I (Mikko Ohtamaa) am not currently maintaining this code. I just pulled in to Github for general good (was not available in public repo before). So if you file any issues I won't be looking into them.
The Levenshtein Python C extension module contains functions for fast computation of
- Levenshtein (edit) distance, and edit operations
- string similarity
- approximate median strings, and generally string averaging
- string sequence and set similarity
It supports both normal and Unicode strings.
Python 2.2 or newer is required.
StringMatcher.py is an example SequenceMatcher-like class built on the top of Levenshtein. It misses some SequenceMatcher's functionality, and has some extra OTOH.
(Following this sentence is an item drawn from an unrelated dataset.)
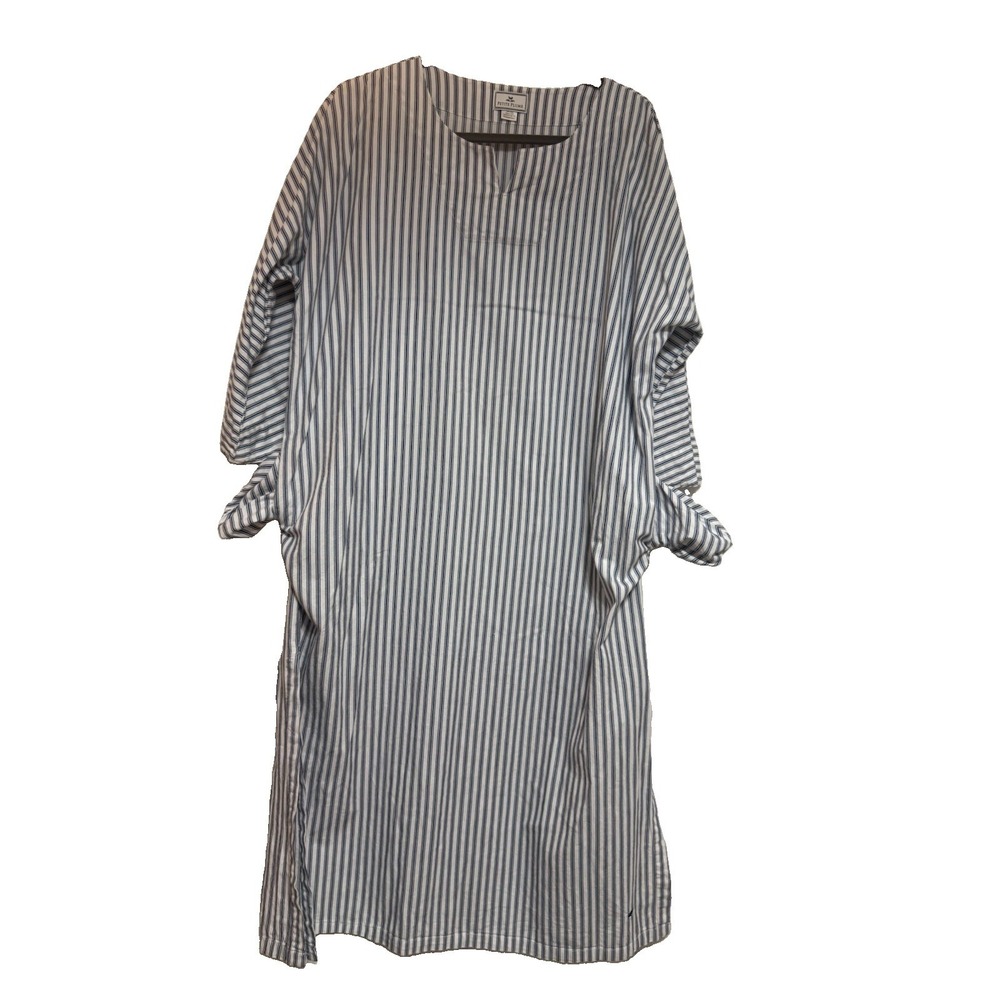 Petite Plume Striped French Ticking Caftan Dress Large Slits 100% Cotton Pockets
Levenshtein.c can be used as a pure C library, too. You only have to define NO_PYTHON preprocessor symbol (-DNO_PYTHON) when compiling it. The functionality is similar to that of the Python extension. No separate docs are provided yet, RTFS. But they are not interchangeable:
- C functions exported when compiling with -DNO_PYTHON (see Levenshtein.h) are not exported when compiling as a Python extension (and vice versa)
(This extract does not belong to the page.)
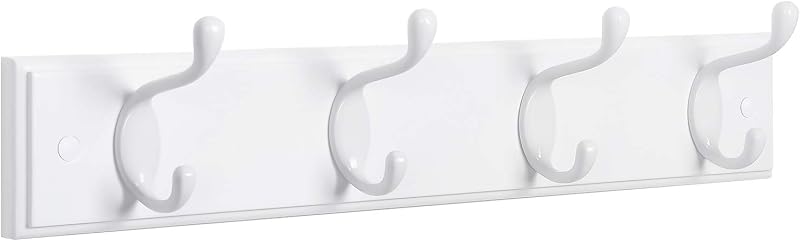 SONGMICS Coat Rack Wall Mounted 4 Dual Hooks White LHR23WT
- Unicode character type used with -DNO_PYTHON is wchar_t, Python extension uses Py_UNICODE, they may be the same but don't count on it
gendoc.sh generates HTML API documentation, you probably want a selfcontained instead of includable version, so run in ./gendoc.sh --selfcontained. It needs Levenshtein already installed and genextdoc.py.
Levenshtein can be copied and/or modified under the terms of GNU General Public License, see the file COPYING for full license text.
The project is not under active development as far as the maintainer knows.
- Maintainer: Mikko Ohtamaa - I am not actively doing anything for this, please feel free take over PyPi and Github administration
- David Necas (Yeti) <yeti at physics.muni.cz>